ABOUT
I am from the Ihanktonwan Nation (Yankton Sioux Tribe), in southeastern South Dakota. We are the smallest tribe in South Dakota. At age two, I was adopted off the reservation under false pretenses and was raised with a loving family in northeastern Ohio. It would take nearly four decades to reunite with my first family. Both my creative writing, in the forms of poetry and creative non-fiction are nature themed and about life experiences, as any artist creates with a heart filled with passion for telling the truth of what happened. My scholarly writing also focuses on themes of what it means to be Indigenous and raised away from my Cultural Knowledges. Because my path to find the way home was meant to happen, I write about reclamation of culture
and ways of knowing and being.
There is a lifetime of learning ahead of me and I do not walk the path alone and the lessons are not just for me. They are to share with the communities I have varied degrees of contact and connection with for the benefit of becoming whole and to usher in healing.

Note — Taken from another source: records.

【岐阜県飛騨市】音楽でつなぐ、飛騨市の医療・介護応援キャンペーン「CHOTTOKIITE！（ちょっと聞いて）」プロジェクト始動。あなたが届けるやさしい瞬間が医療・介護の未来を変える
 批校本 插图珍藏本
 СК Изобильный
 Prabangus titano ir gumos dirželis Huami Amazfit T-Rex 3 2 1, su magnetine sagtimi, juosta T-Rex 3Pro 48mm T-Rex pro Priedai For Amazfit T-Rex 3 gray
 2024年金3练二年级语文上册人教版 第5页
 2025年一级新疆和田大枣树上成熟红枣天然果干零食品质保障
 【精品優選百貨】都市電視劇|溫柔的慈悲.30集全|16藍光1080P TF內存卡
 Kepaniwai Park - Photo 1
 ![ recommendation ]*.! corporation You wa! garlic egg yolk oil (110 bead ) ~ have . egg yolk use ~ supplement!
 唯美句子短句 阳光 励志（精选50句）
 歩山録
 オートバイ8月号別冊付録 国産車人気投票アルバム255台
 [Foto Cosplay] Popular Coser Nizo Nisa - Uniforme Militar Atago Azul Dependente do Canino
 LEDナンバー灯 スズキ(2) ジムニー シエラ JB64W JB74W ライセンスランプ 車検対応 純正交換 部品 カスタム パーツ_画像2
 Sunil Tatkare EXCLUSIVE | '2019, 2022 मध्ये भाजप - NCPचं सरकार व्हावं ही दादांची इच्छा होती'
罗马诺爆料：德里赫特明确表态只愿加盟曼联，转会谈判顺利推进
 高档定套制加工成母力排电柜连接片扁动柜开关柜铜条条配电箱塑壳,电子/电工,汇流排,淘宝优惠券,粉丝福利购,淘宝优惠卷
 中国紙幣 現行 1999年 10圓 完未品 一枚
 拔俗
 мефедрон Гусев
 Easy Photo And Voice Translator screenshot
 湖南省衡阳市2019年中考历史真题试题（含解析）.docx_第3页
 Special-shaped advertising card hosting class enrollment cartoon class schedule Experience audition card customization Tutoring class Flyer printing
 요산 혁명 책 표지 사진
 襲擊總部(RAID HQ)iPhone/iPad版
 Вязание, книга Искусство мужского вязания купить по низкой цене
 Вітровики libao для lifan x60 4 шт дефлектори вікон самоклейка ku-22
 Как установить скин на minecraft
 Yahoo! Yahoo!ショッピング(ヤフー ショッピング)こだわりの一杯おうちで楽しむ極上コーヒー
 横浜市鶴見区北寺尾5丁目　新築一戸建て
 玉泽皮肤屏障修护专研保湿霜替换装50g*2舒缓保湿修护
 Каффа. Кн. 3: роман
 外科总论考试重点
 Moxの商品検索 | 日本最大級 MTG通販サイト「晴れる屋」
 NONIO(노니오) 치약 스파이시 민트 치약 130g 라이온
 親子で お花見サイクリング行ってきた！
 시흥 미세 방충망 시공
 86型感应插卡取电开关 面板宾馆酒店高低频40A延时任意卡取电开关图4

I grew up in a home with hand crafted wooden bookshelves that covered both sides of the rear wall in the living room. Low to the floor was a section for my brothers and sister and I. Reading was a regular activity in our home. I’d sit on the floor reading and memorizing poetry or reading the dictionary for fun. I loved the melodic sound of words. My dad would have spelling contests some nights at the dinner table. He’d give the winner a quarter. One word I remember was sphygmomanometer.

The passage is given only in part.